§ **EXERCISE DIRECTIONS**:
Transcribe word for word the section of the records below that opens with the line containing "Photos of Gardu Pandang Desa Kunir" and closes with the line containing "https://t.co/wvQO4df1NZ"; drop every picture.

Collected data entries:

· · · · · · ·

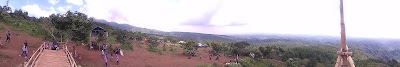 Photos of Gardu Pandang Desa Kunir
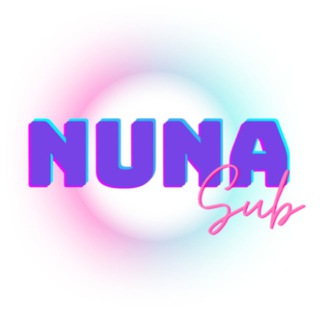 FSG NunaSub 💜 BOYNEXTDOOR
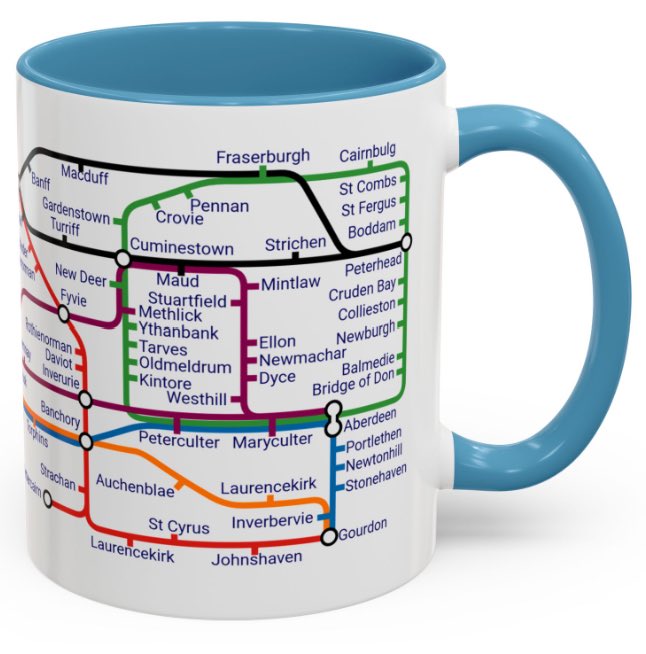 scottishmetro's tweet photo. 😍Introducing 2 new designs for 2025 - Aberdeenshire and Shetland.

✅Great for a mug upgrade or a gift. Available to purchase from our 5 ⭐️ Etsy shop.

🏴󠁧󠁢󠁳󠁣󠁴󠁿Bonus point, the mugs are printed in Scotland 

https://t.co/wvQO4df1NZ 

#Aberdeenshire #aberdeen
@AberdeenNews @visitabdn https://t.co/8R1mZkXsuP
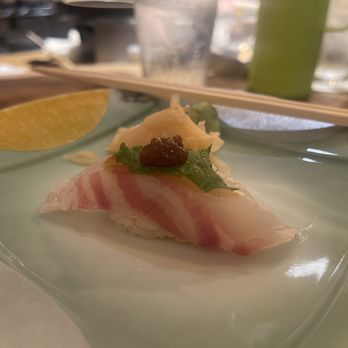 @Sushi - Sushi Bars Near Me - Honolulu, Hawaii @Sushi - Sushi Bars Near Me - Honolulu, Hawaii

· · · · · · ·

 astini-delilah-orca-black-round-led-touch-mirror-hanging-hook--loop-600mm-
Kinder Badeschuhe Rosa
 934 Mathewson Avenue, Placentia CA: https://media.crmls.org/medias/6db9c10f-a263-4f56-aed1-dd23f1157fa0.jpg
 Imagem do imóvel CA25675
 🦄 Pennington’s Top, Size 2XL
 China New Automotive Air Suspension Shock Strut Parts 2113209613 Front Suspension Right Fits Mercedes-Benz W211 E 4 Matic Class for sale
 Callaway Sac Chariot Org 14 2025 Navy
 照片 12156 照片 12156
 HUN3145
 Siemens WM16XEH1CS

· · · · · · ·

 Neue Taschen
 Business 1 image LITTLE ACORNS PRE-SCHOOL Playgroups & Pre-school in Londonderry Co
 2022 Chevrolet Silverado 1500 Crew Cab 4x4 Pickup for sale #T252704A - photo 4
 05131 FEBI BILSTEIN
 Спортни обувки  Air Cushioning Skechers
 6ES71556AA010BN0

· · · · · · ·

§ **ANSWER TO THIS TASK**:
 Photos of Gardu Pandang Desa Kunir
 FSG NunaSub 💜 BOYNEXTDOOR
 scottishmetro's tweet photo. 😍Introducing 2 new designs for 2025 - Aberdeenshire and Shetland.

✅Great for a mug upgrade or a gift. Available to purchase from our 5 ⭐️ Etsy shop.

🏴󠁧󠁢󠁳󠁣󠁴󠁿Bonus point, the mugs are printed in Scotland 

https://t.co/wvQO4df1NZ 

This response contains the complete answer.